» **TRY IT**
The task calls for the line containing "The first theme" and all later lines, through the end of the entries below, to be set down exactly and without pictures.

» **SUPPLIED INFORMATION**
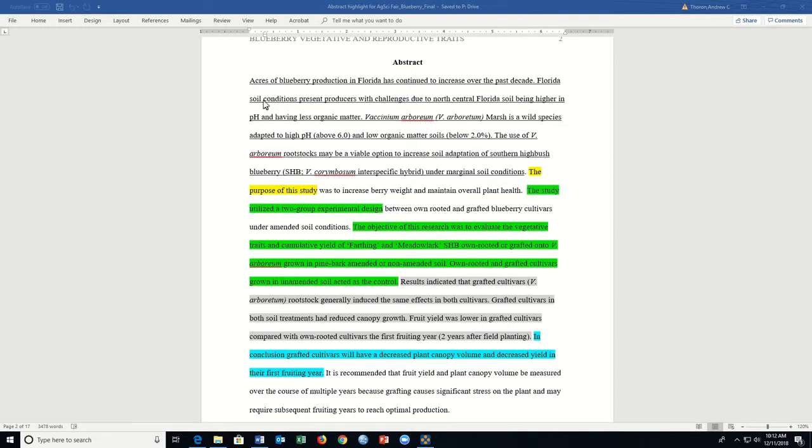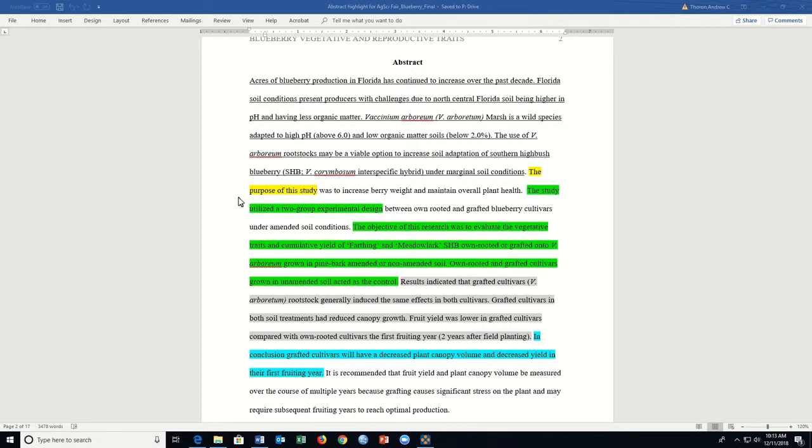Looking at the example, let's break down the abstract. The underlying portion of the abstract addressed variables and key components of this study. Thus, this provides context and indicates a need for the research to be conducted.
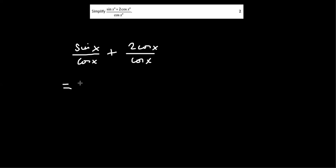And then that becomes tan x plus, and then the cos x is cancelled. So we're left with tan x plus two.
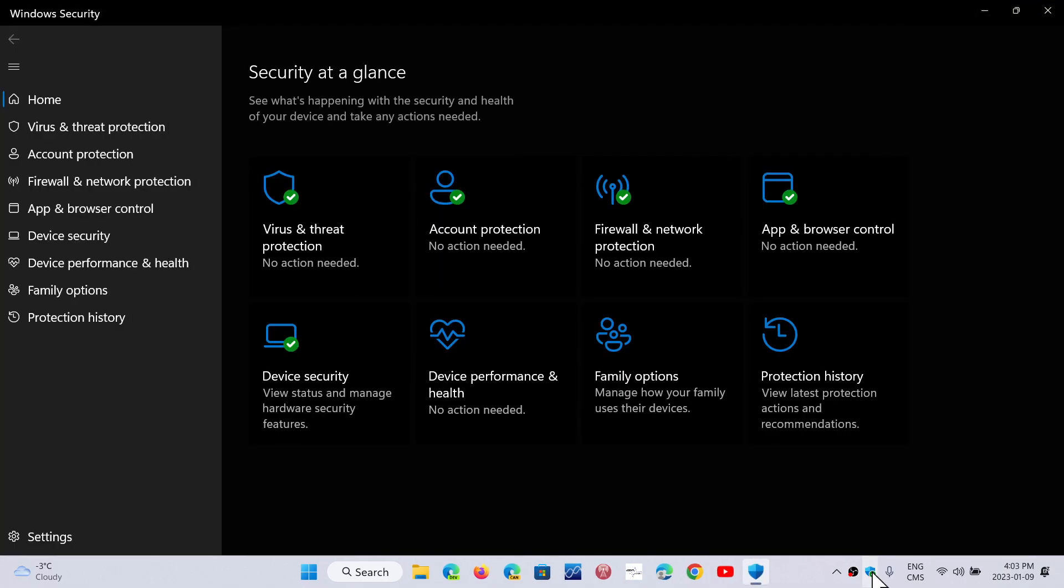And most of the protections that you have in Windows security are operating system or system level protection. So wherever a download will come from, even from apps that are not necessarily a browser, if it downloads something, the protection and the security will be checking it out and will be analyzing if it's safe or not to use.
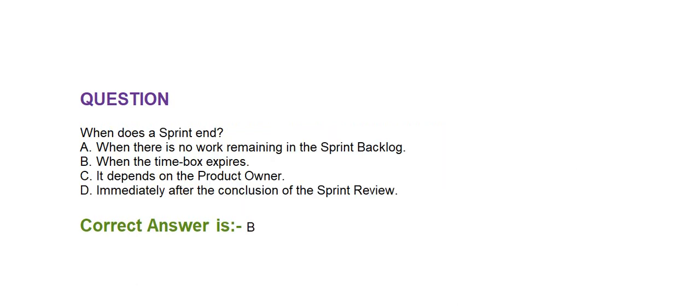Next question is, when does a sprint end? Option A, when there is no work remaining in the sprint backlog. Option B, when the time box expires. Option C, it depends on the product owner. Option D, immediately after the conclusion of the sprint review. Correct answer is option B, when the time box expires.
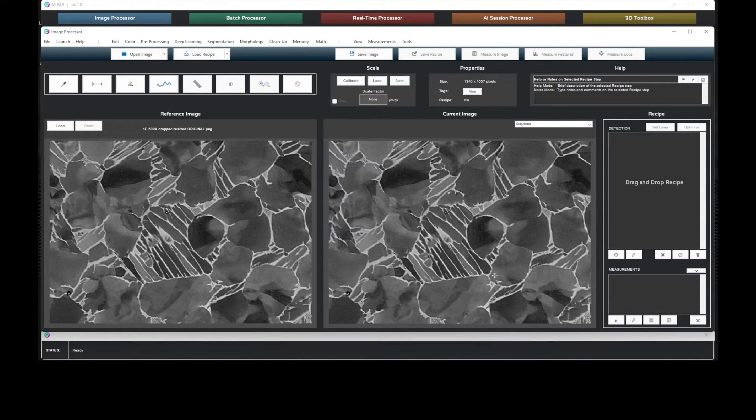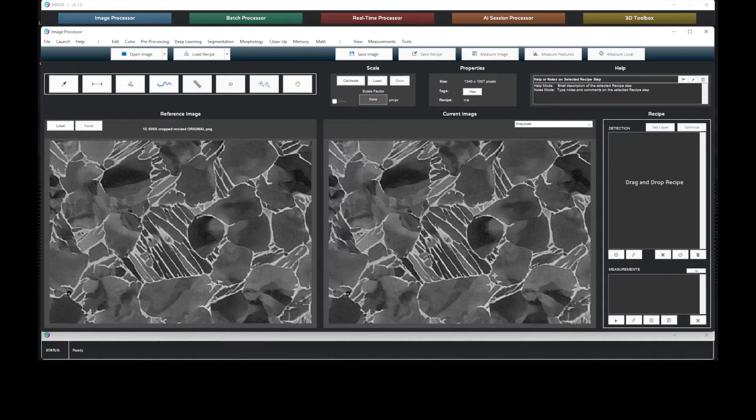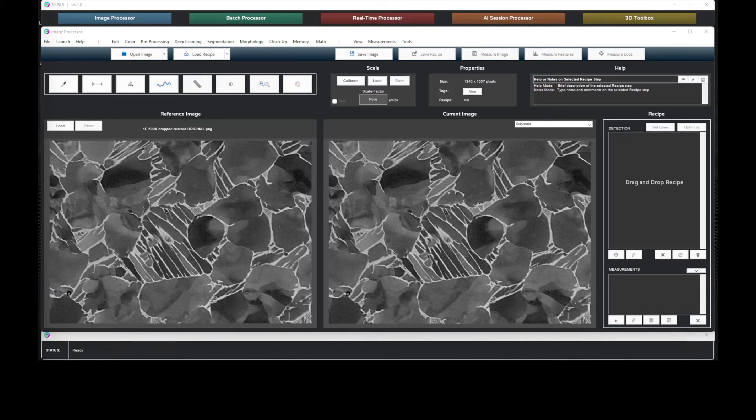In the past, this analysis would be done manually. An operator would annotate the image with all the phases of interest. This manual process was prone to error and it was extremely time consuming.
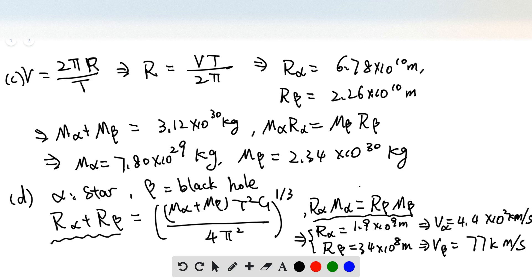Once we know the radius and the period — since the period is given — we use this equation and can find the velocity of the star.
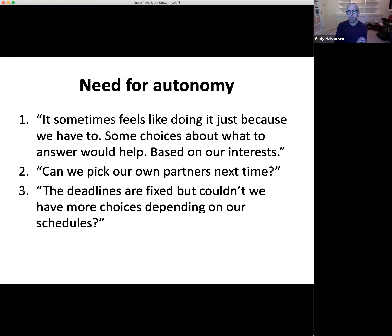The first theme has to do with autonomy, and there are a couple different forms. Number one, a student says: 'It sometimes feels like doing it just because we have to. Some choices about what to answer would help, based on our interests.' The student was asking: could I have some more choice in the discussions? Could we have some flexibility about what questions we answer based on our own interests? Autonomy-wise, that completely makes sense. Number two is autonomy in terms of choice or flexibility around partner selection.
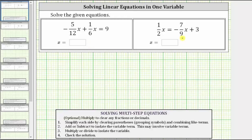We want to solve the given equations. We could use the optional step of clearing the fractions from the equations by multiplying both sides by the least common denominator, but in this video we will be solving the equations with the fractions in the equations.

» **RESPONSE FOR THIS EXERCISE**
The first theme has to do with autonomy, and there are a couple different forms. Number one, a student says: 'It sometimes feels like doing it just because we have to. Some choices about what to answer would help, based on our interests.' The student was asking: could I have some more choice in the discussions? Could we have some flexibility about what questions we answer based on our own interests? Autonomy-wise, that completely makes sense. Number two is autonomy in terms of choice or flexibility around partner selection.
We want to solve the given equations. We could use the optional step of clearing the fractions from the equations by multiplying both sides by the least common denominator, but in this video we will be solving the equations with the fractions in the equations.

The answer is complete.